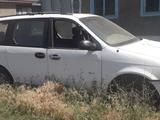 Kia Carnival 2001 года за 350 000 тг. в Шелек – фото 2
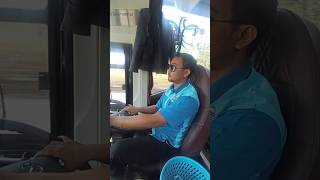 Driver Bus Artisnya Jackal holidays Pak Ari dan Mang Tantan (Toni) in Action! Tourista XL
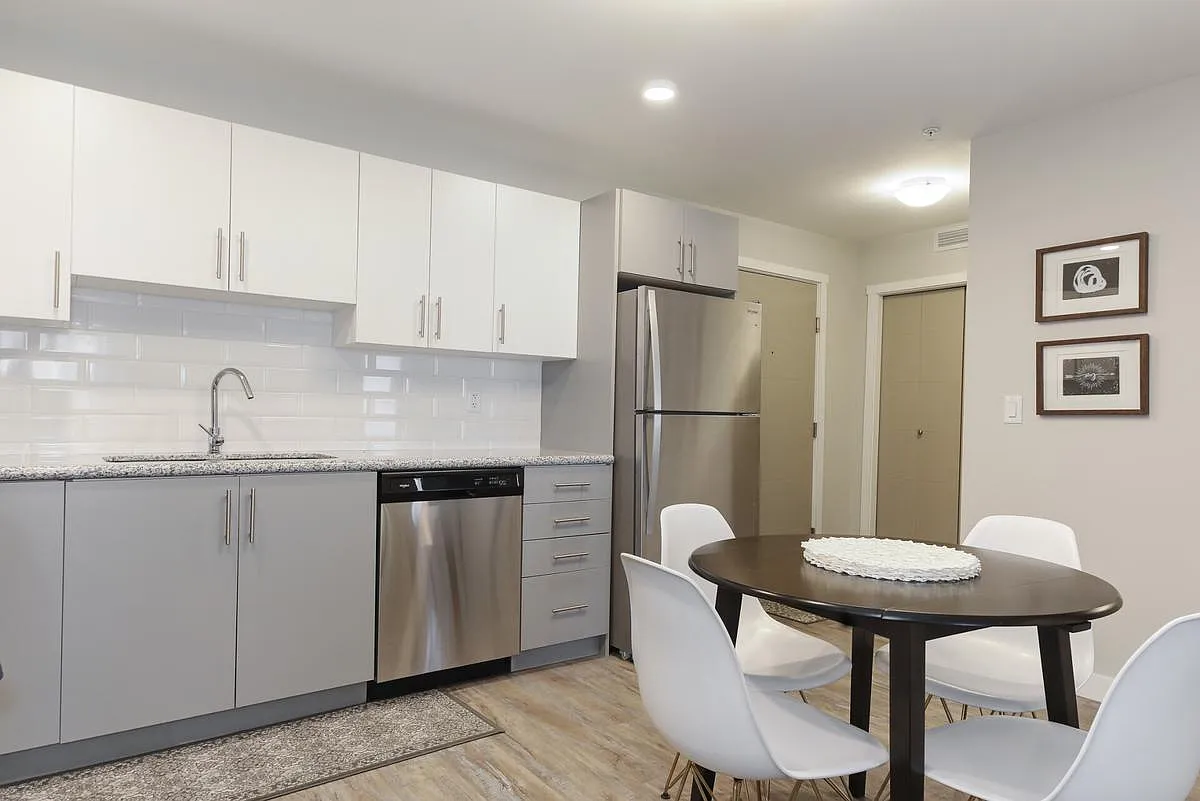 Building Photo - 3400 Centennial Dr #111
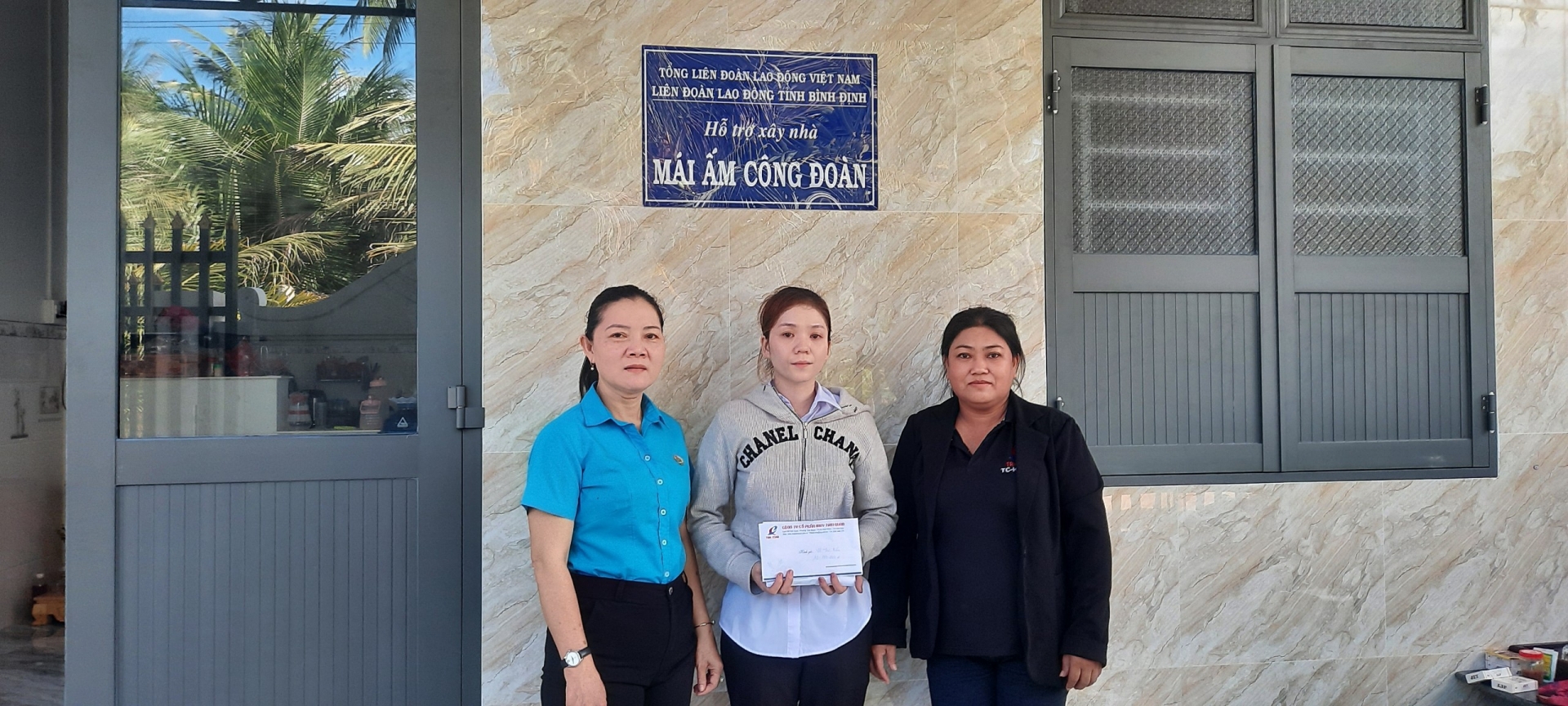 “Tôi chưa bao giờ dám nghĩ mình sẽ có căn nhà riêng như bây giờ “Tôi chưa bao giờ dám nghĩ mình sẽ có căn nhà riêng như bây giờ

▶ _Problem_
Every line above should be copied exactly; do not carry over the pictures.

▶ _Solution to this exercise_
 Kia Carnival 2001 года за 350 000 тг. в Шелек – фото 2
 Driver Bus Artisnya Jackal holidays Pak Ari dan Mang Tantan (Toni) in Action! Tourista XL
 Building Photo - 3400 Centennial Dr #111
 “Tôi chưa bao giờ dám nghĩ mình sẽ có căn nhà riêng như bây giờ “Tôi chưa bao giờ dám nghĩ mình sẽ có căn nhà riêng như bây giờ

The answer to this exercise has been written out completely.